In flashbacks, Wu recalls his memories of Zhang. The closing scene is a repetition of the scene where Wu and Zhang first met, except that when the two glance back at each other, Zhang sees Iron Mask and Wu sees the bronze masked figure.

==Cast==
- Luhan as Wu Xie (吴邪)
- Jing Boran as Zhang Qiling (张起灵)
- Ma Sichun as Ning (阿宁)
- Wang Jingchun as Wu Sanxing (吴三省)
- Vanni Corbellini as Hendrix
- Mallika Sherawat as Snake Empress
- Robert Gilabert Cuenca as Ning´s Mercenary

==Box office==
The film earned $5.8 million in Thursday previews, $24.1 million on its opening day and $70.8 million on its opening weekend ($64.6 million excluding previews) debuting in first place at the Chinese box office.
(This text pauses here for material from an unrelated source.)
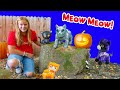 Assistant Looks for Meow Meow from the Paw Patrol Cat Pack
It performed exceptionally well in IMAX where the film brought in $5 million for the opening weekend from 309 IMAX theaters, marking the largest IMAX opening of the summer for a Chinese local-language film, and the third biggest of all time, behind Mojin — The Lost Legend ($7.5 million) and Monster Hunt ($7.2 million). It had the largest circuit of theaters in the country by registering with over 85,000 screenings per day and the best per screen average, with close to $1,000 per screen, per day. Excluding previews, its weekend take was not only the biggest in China but the third biggest internationally, behind Suicide Squad and The Secret Life of Pets. The film's impressive Chinese opening weekend was helped by fans of young, popular stars Lu Han and Jing Boran, whose enthusiasm outweighed overwhelmingly negative reviews.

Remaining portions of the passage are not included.